Vice President Joe Biden has this to say: Enough is enough. Reduce the number of soldiers fighting the Taliban and go after al-Qaeda.

Inside the White House, there’s a different opinion for nearly every senior staffer.

Obama, who must decide what to do, is reviewing his options. They are poor. He already sent 21,000 more Americans to Afghanistan just six months ago.

We, the public, don’t want to “lose” another war; nor do we want more Americans dying for no purpose. We can be certain the British and Russians, who spent many futile years in that harsh land trying to pacify marauding tribes, do not wish they had stayed longer.

A new NBC-Wall Street Journal poll finds that nearly six in ten of us are losing confidence that anything good will come out of more fighting in Afghanistan. Only one out of five of those surveyed now “strongly” supports increasing the number of U.S. soldiers in Afghanistan; 59 percent are wary of sending in more soldiers. A full third wants full-scale withdrawal.

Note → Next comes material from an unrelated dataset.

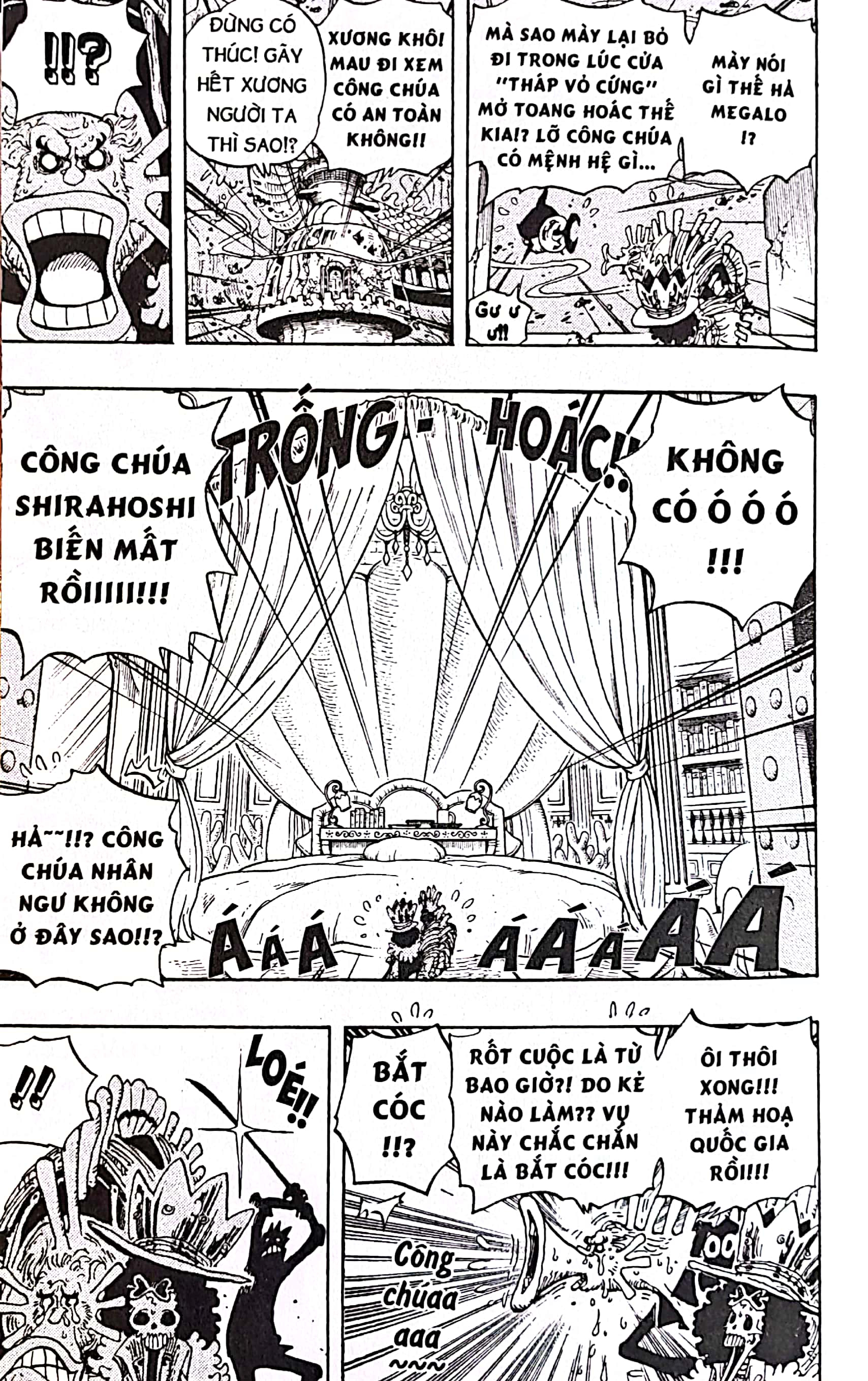 Bo
One Piece - Tap 63 - Otohime Va Tiger - Ban Bia Ao (Tai Ban 2022) - Ảnh 6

There is a rule of thumb driving Obama’s “wholesale reconsideration” of U.S. policy in a war that he frequently has said is the real war we should be fighting — as opposed to what he believes is an unnecessary war in Iraq. That is: A war can not be fought for very long if civilians do not believe it is just, winnable or vital to their security.

We have reached that point.

The “surge” of American soldiers into Iraq in the waning months of the Bush administration, after the deaths, at that point, of 4,000 Americans and thousands more injured, forestalled a wholesale debacle.

But the surge just bought time. Iraq is still a mess; insurgents using IEDs and other tools of nasty warfare are gathering strength. Yet Obama is proceeding with plans to withdraw, knowing we can’t be permanent occupiers. (Full disclosure: I have a son who served in Iraq and another son currently serving in Iraq.)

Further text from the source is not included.